Brynn Adams is alone. She doesn’t seem to be all that troubled by it, at least most of the time. She wiles away the hours in the sumptuous country home that she occupies by herself like a woman unstuck in time: she learns decades-old dance steps from numbered diagrams while listening to Ruby Murray’s “Knock On Any Door” from 1956; she designs and creates her own dresses; she’s even recreated the entire town of Mill River in miniature in her living room. When she ventures into the real town, she ducks to avoid certain people, and when she attempts to interact with others, all she gets in return are sneers and frigid shoulders. The closest thing she seems to have to human contact is a mailman who intentionally damages her packages. Brynn’s been alone for a long time, but she’s about to have … visitors.
Kaitlyn Dever, who I really liked in last year’s Rosaline, both stars in and executive produces for No One Will Save You, the sophomore directorial effort from Brian Duffield, who is perhaps best known around these parts for writing The Babysitter. I first became aware of the movie after a screenshot of Stephen King calling the film “Brilliant, daring, involving, [and] scary” as well as “Truly unique,” and I went into it blind, which allowed for me to be pleasantly surprised not only by all of the film’s tiny reveals but also its big one; namely, No One is almost entirely dialogue free. Dever is the only performer who ever gets to speak, and it’s telling that her single impactful line is spoken to no one, or at least to no one who can hear her. That’s not to say that she’s not well developed; in fact, I wouldn’t be entirely surprised if this becomes one of those films that achieves cult status through its use as a teaching tool via its masterful adherence to the timeless axion of “Show, don’t tell.” Everything important about Brynn is captured by the filmic eye: the regretful letters she composes to her childhood best friend Maud, her awkward attempts to practice waving and greeting others, her abject terror at the prospect of interacting with a middle-aged couple we later learn are Maud’s parents. The story moves clearly and cleanly without the need for dialogue, as the film cuts seamlessly and smartly between Brynn encountering a situation and her resolution of the same.

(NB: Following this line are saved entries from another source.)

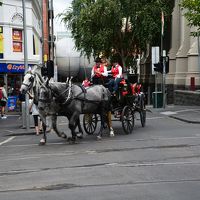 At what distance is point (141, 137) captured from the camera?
564 inches

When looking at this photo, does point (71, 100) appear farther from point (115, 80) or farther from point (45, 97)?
point (115, 80)

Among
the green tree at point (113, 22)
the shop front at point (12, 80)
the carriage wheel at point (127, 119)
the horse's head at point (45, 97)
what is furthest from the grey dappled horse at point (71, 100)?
the green tree at point (113, 22)

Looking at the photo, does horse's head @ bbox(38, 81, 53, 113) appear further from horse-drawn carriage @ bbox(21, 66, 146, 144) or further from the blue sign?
the blue sign

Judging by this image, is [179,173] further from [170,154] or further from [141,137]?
[141,137]

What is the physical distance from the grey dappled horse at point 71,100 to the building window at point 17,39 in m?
16.6

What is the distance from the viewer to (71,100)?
13164 mm

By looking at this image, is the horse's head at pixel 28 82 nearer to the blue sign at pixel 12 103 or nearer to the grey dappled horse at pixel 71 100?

For instance, in one simple sequence, we watch as Brynn rides her bike into town for help after being unable to start her car, experiencing an extremely unpleasant but nonetheless wordless encounter with Maud’s mother and father (the latter of whom is the chief of police) that reminds her that—as the title tells us—no one will help her, and then immediately cuts to her at a bus station, ticket in hand. There’s no spoon-feeding and there’s no need for it, either.

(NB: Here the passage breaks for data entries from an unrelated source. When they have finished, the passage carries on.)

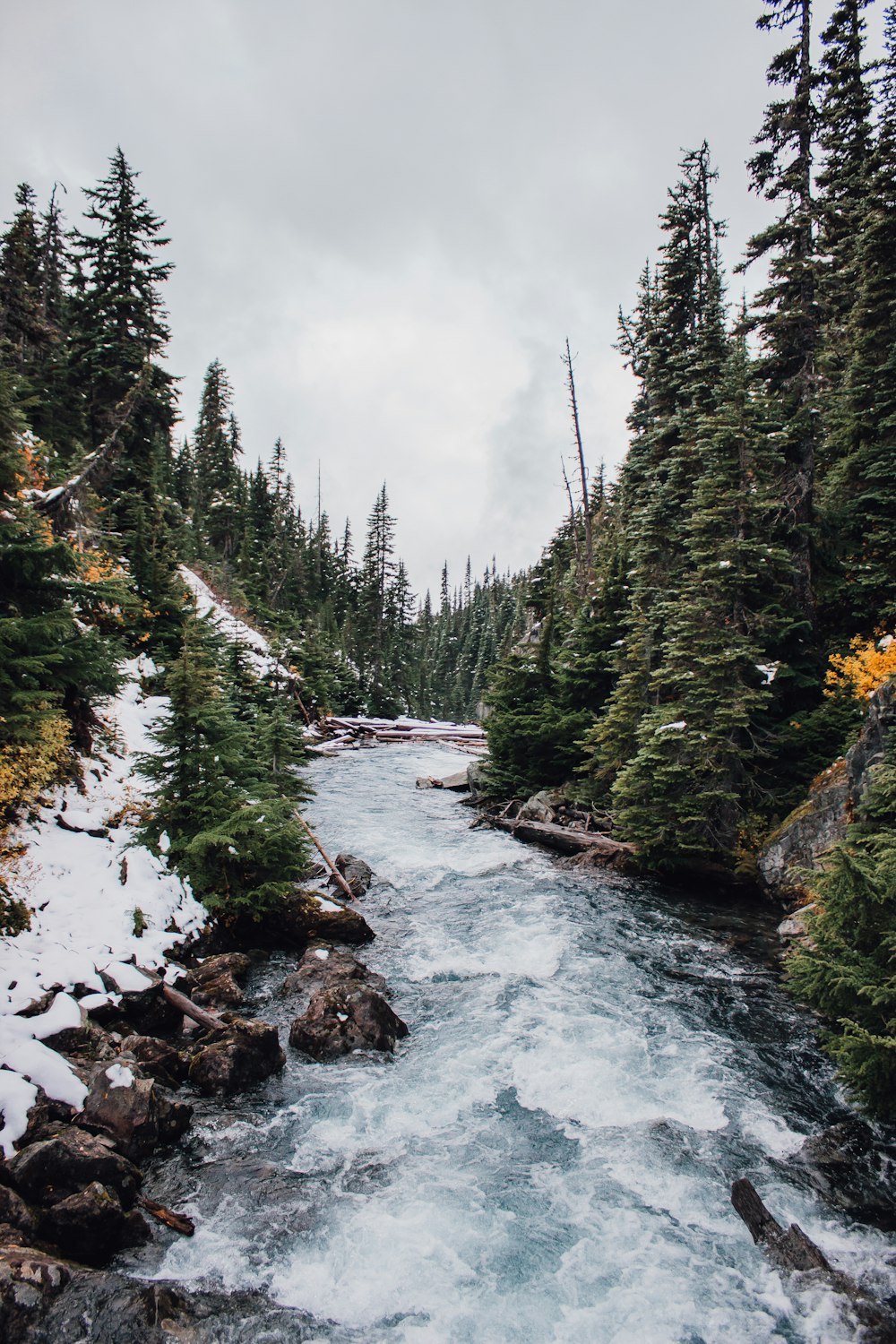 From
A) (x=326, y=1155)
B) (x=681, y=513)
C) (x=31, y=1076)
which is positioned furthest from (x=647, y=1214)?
(x=681, y=513)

We eventually learn what happened between Brynn and Maud that left Brynn a pariah in Mill River, and it’s devastating. Outside of the flashbacks that fill this in, however, the film takes place over a brief time frame of only three days and two nights. The first of these nights sees Brynn (sort of) fend off a home invader, who just so happens to be an extraterrestrial. When she finds herself unable to gather assistance or successfully escape town the following day, she prepares to defend herself for a second night, only for the film to perform a little sleight of hand with its genre, transitioning from the home-invasion-with-an-outer-space-twist narrative to a more introspective form of psychological horror, as the aliens attempt to assimilate Brynn into a pod-people collective. Their means to do so involve tempting her to give up her mind and body through visions of a reality where she is no longer bound by the tragedy of her past and no longer missing the things which have been lost to her. When that doesn’t work, the snare she’s in just gets tighter.

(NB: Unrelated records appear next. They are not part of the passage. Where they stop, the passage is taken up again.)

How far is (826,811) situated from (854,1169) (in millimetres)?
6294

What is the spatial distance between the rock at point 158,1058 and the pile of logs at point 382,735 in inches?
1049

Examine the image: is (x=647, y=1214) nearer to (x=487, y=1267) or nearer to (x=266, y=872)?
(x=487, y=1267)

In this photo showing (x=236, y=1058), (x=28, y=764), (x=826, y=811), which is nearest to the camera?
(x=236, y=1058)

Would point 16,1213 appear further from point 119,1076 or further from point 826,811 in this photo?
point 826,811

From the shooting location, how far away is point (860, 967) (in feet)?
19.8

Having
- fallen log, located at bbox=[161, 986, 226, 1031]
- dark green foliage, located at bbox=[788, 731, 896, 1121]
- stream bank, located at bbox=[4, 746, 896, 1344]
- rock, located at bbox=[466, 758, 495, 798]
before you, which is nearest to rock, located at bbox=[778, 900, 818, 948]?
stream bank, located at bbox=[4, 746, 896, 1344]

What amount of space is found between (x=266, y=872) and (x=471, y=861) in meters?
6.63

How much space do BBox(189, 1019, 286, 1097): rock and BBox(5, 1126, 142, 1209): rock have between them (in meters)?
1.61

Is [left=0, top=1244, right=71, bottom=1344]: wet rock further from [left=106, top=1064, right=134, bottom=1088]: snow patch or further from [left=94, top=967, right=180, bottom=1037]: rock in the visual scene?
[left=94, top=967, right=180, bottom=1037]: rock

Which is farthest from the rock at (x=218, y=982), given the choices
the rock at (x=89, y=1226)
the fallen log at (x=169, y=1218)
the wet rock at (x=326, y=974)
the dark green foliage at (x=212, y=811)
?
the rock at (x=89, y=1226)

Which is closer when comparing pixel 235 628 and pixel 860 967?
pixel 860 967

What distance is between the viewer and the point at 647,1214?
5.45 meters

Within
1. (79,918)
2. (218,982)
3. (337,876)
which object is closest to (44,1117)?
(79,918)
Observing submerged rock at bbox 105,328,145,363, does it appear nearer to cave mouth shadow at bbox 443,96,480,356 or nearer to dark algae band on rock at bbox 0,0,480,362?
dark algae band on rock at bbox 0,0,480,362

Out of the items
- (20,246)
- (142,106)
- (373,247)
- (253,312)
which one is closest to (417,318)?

This movie lives and/or dies on Kaitlyn Dever’s performance, and it’s a testament to her ability that it soars. The camerawork here is likewise deft in the way that the language of pans and zooms keeps us in Brynn’s headspace so effectively; the touch is so lightweight as to make its capture of all the moving parts appear almost effortless. The visual effects work is also top notch; the aliens feel appropriately otherworldly even if the CGI seams are unavoidable, while the film wisely chooses clever takes on familiar ways of visualizing standard abduction phenomena, borrowing heavily from The X-Files and its use of blinding beams of white light (the abductions of Duane Barry in the second season and Max Fenig in season four come to mind), although it also includes occasional pervasive red lighting that calls to mind the opening of Fire in the Sky. The film moves in novel and exciting ways, and it’s well worth checking out.